= PROBLEM =
Within the material below, locate the line with "Lot 196 - 3" and the line with "The Forgotten Beach av Amanda James", then return those two lines and all lines between them, exactly as written.

==== PROVIDED RECORDS ====

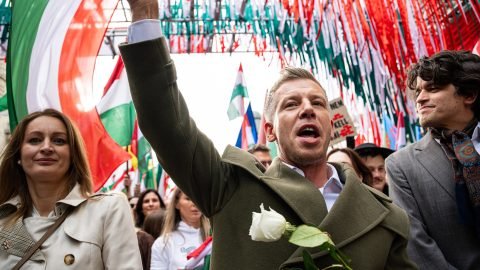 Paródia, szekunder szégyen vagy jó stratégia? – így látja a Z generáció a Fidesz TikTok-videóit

====
==== PROVIDED RECORDS ====

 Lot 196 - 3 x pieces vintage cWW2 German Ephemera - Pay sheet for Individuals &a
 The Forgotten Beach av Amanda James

====

= SOLUTION TO THIS EXERCISE =
 Lot 196 - 3 x pieces vintage cWW2 German Ephemera - Pay sheet for Individuals &a
 The Forgotten Beach av Amanda James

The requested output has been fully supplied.